Throughout Google’s earliest days, its founders Larry Web page and Sergey Brin constructed the search engine whereas working in Wojcicki’s storage at her residence in Menlo Park. In 1999, she grew to become its sixteenth worker. Throughout her tenure overseeing its promoting enterprise, Google’s advert revenues grew from zero to greater than $50bn in 2013.
After being concerned in Google’s $1.65bn acquisition of YouTube in 2006, she grew to become the video website’s chief government in 2014. By the point she stepped down in February final 12 months, YouTube had grown to greater than 2.5bn month-to-month energetic customers and almost $30bn in annual advert revenues.
“Susan was a trailblazer within the business, an exemplary mom, and a cherished buddy,” mentioned Marc Benioff, chief government of Salesforce.com, the place she was a board member.
Throughout greater than 20 years at Google, Wojcicki wore “many hats”, as she put it when she left — together with serving to to create Google Picture Search and its AdSense promoting community earlier than turning into its senior vice-president of promoting and commerce.
At YouTube, she nurtured the event of the “creator economic system”, whereas additionally warding off controversies over its content material moderation and video-recommendation algorithm.
In an inner memo asserting her departure final 12 months, she wrote: “25 years in the past I made the choice to affix a few Stanford graduate college students who have been constructing a brand new search engine . . . I noticed the potential of what they have been constructing, which was extremely thrilling, and though the corporate had just a few customers and no income, I made a decision to affix the crew. It will be probably the greatest choices of my life.”
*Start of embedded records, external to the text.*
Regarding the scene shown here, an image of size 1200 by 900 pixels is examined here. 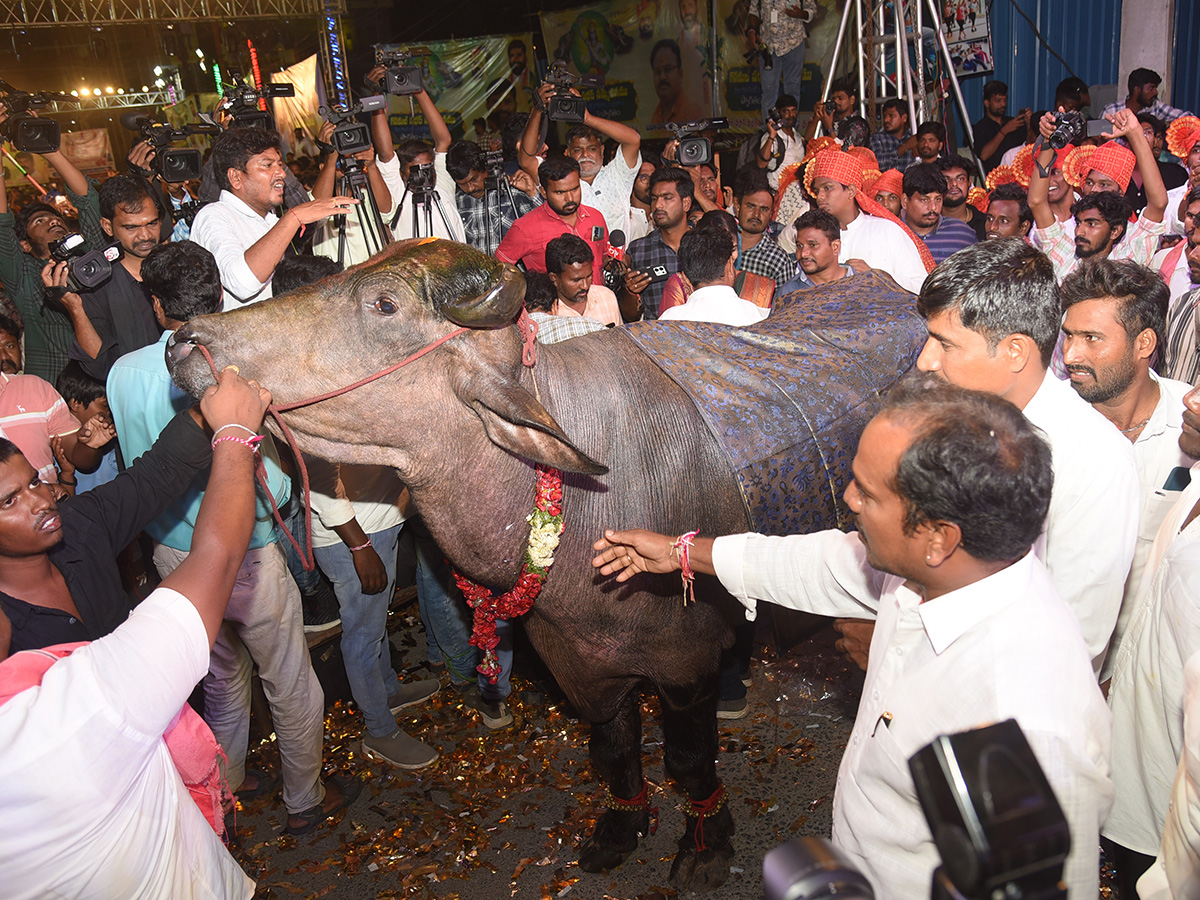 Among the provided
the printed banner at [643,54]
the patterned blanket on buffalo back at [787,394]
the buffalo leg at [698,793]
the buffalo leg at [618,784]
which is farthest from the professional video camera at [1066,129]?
the printed banner at [643,54]

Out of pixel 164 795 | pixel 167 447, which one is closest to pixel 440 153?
pixel 167 447

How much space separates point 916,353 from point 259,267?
12.3 ft

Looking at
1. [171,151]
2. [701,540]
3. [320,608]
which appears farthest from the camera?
[171,151]

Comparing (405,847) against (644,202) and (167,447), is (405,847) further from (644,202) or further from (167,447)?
(644,202)

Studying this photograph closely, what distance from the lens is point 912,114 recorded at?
10938 mm

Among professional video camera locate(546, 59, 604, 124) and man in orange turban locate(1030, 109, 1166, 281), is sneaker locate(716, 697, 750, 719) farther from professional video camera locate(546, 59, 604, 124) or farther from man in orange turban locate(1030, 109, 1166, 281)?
professional video camera locate(546, 59, 604, 124)

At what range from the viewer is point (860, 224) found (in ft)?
24.0

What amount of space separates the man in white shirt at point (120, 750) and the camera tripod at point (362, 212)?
504 cm

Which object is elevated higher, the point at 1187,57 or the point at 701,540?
the point at 1187,57

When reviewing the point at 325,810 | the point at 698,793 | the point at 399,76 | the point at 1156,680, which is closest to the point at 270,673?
the point at 325,810

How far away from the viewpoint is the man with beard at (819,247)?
19.7 feet

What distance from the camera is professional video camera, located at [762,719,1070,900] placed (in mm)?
1188

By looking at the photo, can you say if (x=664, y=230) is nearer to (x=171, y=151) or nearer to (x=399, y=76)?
(x=399, y=76)

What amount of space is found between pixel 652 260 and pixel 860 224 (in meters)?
1.77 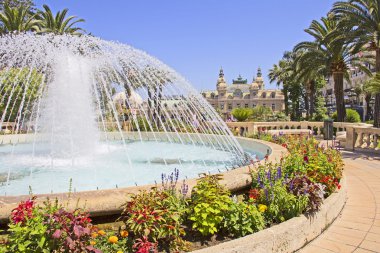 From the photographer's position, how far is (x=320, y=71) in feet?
104

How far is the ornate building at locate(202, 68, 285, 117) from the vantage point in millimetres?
124062

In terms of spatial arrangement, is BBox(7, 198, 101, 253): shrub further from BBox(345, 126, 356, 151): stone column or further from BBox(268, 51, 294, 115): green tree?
BBox(268, 51, 294, 115): green tree

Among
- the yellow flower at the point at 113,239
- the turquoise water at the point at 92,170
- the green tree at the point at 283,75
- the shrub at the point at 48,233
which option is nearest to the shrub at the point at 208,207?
the yellow flower at the point at 113,239

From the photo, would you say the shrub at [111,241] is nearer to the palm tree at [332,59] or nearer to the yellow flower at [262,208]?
the yellow flower at [262,208]

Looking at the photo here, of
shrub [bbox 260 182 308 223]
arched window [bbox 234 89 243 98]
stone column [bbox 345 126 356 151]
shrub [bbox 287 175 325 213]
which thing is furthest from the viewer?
arched window [bbox 234 89 243 98]

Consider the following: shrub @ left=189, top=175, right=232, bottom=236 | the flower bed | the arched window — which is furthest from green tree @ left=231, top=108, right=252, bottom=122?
the arched window

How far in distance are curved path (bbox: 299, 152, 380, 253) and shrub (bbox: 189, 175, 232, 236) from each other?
4.24 feet

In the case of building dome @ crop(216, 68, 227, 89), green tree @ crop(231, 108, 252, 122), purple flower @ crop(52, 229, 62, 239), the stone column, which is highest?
building dome @ crop(216, 68, 227, 89)

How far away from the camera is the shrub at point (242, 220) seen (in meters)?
4.14

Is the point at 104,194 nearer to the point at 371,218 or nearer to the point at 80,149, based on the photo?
the point at 371,218

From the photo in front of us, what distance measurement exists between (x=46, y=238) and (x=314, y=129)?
2412 cm

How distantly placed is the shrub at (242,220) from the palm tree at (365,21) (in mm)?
17835

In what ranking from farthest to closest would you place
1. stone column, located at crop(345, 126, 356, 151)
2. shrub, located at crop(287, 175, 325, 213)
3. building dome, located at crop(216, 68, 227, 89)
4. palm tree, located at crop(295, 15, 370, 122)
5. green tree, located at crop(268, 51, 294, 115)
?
building dome, located at crop(216, 68, 227, 89) → green tree, located at crop(268, 51, 294, 115) → palm tree, located at crop(295, 15, 370, 122) → stone column, located at crop(345, 126, 356, 151) → shrub, located at crop(287, 175, 325, 213)

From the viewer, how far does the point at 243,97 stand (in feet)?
423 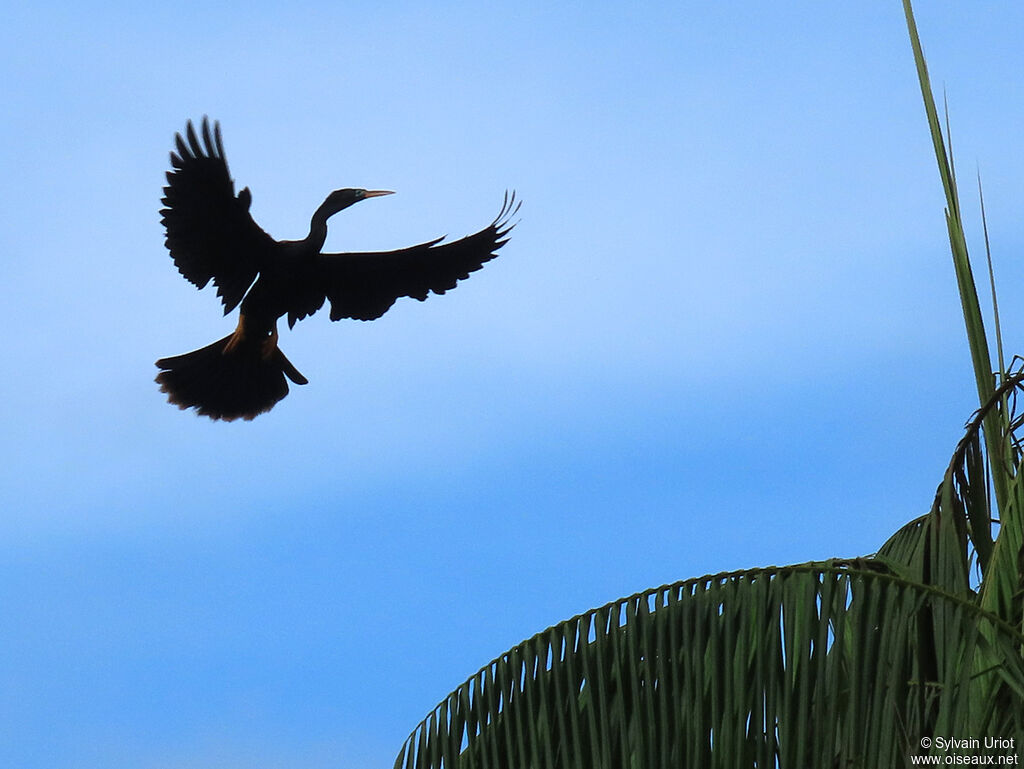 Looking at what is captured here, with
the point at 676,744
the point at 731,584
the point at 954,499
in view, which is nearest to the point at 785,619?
the point at 731,584

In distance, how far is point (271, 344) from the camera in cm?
457

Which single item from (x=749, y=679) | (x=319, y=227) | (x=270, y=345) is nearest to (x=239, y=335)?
(x=270, y=345)

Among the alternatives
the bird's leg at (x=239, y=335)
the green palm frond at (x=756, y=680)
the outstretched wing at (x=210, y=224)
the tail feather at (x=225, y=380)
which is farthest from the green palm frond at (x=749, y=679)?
the bird's leg at (x=239, y=335)

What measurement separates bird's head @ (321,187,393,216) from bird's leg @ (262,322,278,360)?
1.50ft

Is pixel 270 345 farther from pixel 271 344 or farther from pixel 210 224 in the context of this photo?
pixel 210 224

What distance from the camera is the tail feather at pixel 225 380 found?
443 cm

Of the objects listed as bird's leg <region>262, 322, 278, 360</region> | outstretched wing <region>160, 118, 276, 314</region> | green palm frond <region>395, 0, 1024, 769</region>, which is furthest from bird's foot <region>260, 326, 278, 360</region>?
green palm frond <region>395, 0, 1024, 769</region>

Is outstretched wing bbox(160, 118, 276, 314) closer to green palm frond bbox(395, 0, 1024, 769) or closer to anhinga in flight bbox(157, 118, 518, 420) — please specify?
anhinga in flight bbox(157, 118, 518, 420)

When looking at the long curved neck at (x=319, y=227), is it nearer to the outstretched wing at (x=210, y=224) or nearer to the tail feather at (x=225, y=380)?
the outstretched wing at (x=210, y=224)

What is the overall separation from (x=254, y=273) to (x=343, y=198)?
400mm

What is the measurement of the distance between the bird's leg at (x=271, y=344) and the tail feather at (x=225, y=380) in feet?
0.04

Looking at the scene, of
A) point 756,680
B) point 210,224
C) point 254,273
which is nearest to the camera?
point 756,680

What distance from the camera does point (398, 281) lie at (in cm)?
476

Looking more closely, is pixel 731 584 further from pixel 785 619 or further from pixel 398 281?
pixel 398 281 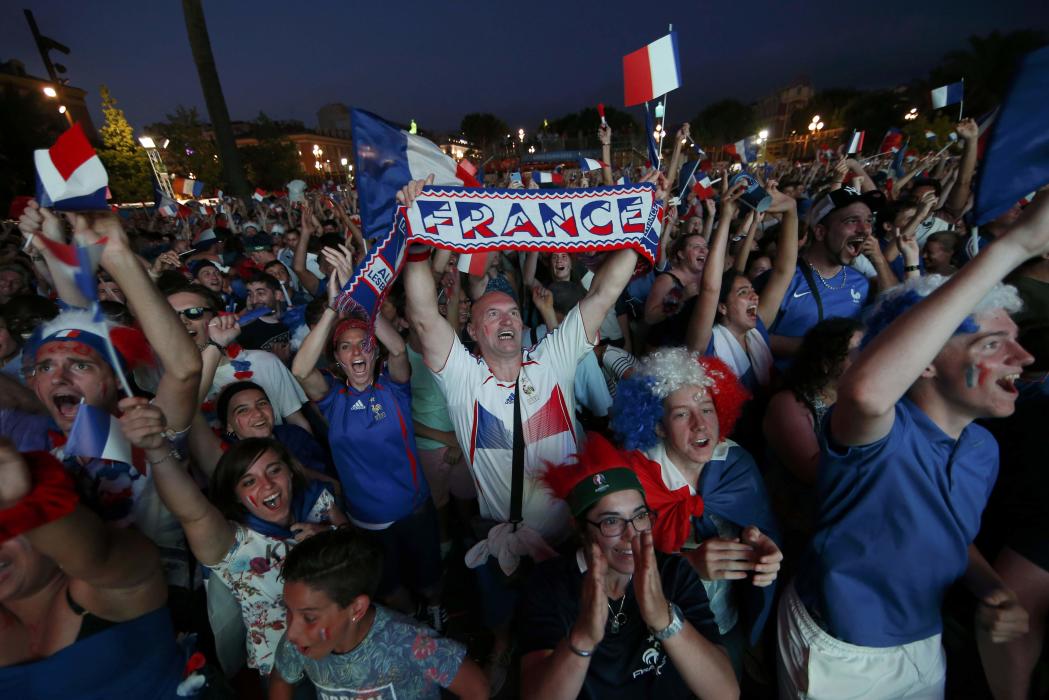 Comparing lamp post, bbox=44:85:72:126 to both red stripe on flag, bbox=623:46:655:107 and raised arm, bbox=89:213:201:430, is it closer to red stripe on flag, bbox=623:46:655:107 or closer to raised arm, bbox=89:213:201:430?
raised arm, bbox=89:213:201:430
Particulars of her well being weren’t extensively identified. Simply final month, she joined the board of administrators at Planet Labs, a satellite tv for pc imaging and knowledge firm.
Earlier than Google, Wojcicki labored at chipmaker Intel and as a administration advisor. Her mom Esther Wojcicki is a journalist and her father Stanley Wojcicki, a famend Stanford physics professor, died final 12 months.
She has two sisters: Anne Wojcicki, the co-founder and chief government of biotech firm 23andMe, who was married to Brin till 2015, and Janet Wojcicki, a professor of paediatrics on the College of California, San Francisco.
Tragedy hit the household earlier this 12 months when Wojcicki’s 19-year-old son Marco Troper died. He was a scholar on the College of California, Berkeley.